Structural overlay of MamB and MamM CTD monomer apo-form structures from Alphaproteobacteria and Deltaproteobacteria species (PDB codes: 6QFJ (blue), 6QEK (green), 5HO5 (purple) and 3W5Y (yellow)). Root-mean-square deviation (RMSD) values calculated for monomers and dimers respectively, using Swiss-PDB-Viewer [35]. Overall, MamMBW-1 and MamMMSR-1 share the highest structural similarities with RMSD of 0.66 Å over 77 common backbone atoms.
Dimerization and functional conservation
To examine the protein oligomeric states and the dimerization interfaces within the crystal structures, we studied the dimer V-shaped structure (Fig 3A). MamMBW-1 dimerization interface relies mainly on the interactions between Pro278-Val283, Ser280-Ile282, Ile282-Ser280, and Val283-Pro278 and has a dimerization surface of 589 Å2. The contacts include hydrophobic interactions and hydrogen bonds similar to the interactions that were observed earlier for MamBQH-2, MamMMSR-1 and other CTDs [14,18,21]. Such interface is higher than previous dimerization surfaces, Alphaproteobacteria MamBQH-2 (497 Å2) or MamMMSR-1 (379 Å2) and CzrB apo form (393 Å2) [14,18,21]. A comparison of the degree-of-openness values between MamMBW-1 (Cα-Arg215, Pro231, and Arg215) (36.7°) to those in other CDF structures indicates that the dimer showed closer similarity to the closed metal-bound structures of YiiP (~30°) and previous structures of MamBQH-2 (~36°) and MamMMSR-1 (~45°) [14,15].
(A) MamBBW-1 folded to a metallochaperone-like fold to create a V-shaped dimer.

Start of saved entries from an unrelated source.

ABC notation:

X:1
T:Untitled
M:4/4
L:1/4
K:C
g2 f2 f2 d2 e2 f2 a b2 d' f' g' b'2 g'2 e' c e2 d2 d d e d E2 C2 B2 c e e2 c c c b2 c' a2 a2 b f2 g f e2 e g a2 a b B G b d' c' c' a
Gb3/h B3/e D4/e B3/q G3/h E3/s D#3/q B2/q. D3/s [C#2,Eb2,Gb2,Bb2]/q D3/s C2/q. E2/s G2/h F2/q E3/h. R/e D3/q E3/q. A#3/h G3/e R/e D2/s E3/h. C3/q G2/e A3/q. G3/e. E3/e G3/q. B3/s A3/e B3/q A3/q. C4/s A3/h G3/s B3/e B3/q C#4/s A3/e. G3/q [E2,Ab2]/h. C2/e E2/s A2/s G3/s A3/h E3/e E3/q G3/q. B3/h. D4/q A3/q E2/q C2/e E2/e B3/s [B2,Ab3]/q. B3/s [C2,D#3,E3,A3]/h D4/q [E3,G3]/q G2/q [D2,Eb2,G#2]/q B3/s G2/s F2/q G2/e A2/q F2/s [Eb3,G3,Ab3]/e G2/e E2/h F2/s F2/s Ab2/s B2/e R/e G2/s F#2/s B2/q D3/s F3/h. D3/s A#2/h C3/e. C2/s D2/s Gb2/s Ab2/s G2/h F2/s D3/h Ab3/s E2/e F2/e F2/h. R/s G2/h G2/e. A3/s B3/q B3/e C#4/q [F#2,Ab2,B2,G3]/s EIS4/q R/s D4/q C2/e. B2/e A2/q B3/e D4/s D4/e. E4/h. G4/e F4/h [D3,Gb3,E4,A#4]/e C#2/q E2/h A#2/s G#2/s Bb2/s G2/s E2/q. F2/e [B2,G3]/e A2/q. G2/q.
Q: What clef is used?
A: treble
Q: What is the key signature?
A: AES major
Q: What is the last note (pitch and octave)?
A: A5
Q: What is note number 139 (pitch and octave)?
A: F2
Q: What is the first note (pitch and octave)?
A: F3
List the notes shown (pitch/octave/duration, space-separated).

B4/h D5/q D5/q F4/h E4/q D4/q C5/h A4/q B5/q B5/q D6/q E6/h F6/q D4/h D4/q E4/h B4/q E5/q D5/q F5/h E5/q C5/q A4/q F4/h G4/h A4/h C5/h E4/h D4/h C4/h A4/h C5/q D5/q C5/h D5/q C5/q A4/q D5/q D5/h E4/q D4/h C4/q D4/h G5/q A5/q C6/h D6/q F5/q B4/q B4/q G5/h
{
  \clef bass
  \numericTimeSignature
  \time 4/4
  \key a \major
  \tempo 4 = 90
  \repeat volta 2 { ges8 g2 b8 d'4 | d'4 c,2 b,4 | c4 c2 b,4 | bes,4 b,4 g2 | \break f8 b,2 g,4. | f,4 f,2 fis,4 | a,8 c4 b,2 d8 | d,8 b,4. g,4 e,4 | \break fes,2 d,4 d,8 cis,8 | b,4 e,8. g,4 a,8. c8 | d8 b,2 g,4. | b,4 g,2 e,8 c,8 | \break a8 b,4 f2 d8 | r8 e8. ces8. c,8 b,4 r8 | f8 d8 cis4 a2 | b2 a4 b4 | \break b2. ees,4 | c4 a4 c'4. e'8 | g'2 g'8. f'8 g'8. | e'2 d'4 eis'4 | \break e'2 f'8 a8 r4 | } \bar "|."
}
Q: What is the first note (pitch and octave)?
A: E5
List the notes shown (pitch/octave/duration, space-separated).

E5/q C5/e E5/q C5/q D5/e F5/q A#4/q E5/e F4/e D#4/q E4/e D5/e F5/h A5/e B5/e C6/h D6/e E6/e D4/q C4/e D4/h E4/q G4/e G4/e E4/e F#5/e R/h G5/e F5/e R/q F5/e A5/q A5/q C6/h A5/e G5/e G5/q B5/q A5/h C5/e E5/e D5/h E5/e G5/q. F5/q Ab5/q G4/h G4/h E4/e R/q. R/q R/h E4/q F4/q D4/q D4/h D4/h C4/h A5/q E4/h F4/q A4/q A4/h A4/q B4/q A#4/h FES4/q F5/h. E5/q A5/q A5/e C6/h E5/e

Overlap of the MamMBW-1 monomers on MamBBW-1 V-dimer structure (PDB codes: 6QFJ (Green), 6QEK (blue). (B) MamBBW-1 may create a stable V-shape dimer while the parallel S-shaped typical backbone structure, revealed in the dimerization interface after overlapping the monomers on MamMBW-1 dimer. Hydrophobic interactions between Val235-Pro231 and Ile233-Thr234 from each monomer may hold the dimer. (C) MamMBW-1 presents a stable dimerization interface located at the bottom of the V-shaped dimer. Dimerization interface stability rests on symmetrical backbone interaction between Pro278-Val283 and Ser280-Ile282.
In contrast to MamMBW-1, MamBBW-1 crystal structure exists as a monomer and does not create the classical V-shape dimer in the crystal, yet superimposition of MamBBW-1 monomers over MamMBW-1 V-shape dimer implies that MamBBW-1 may in high probability form a V-shaped dimer under the right conditions (Fig 3B). MamBBW-1 dimerization interface, similarly to all CDF-CTD structures, showed the typical parallel S-shaped backbone structure [14,17,18,21,28]. Moreover, it was previously shown that hydrophobic contacts hold the dimeric interactions. Support for such dimerization can be found at the possible interaction between Val235-Pro231 and Ile233-Thr234 from each monomer (Fig 3B). Additional support is given by the MamMBW-1 and MamBBW-1 electrostatic potential maps (Fig 4), showing that the top of MamBBW-1 monomer and the top of MamMBW-1 V-shaped dimer have hydrophobic and positive patches, while the lower parts have hydrophobic and negative electrostatic charges (Fig 4C and 4D). Such electrostatic distribution can fit the suggested CTD dimerization when the interaction between the CTD-TMD and the CTD- magnetosome membrane stabilizes and concentrates the proteins and leads to their dimerization. Moreover, similar electrostatic distribution can also be found in Alphaproteobacteria MamBQH-2 and MamMMSR-1 structures (Fig 4A and 4B). As an alternative, MamBBW-1 different oligomeric state can also be explained by crystal contact and crystallization conditions that break the dimer and create alternative contacts with similar or lower energy.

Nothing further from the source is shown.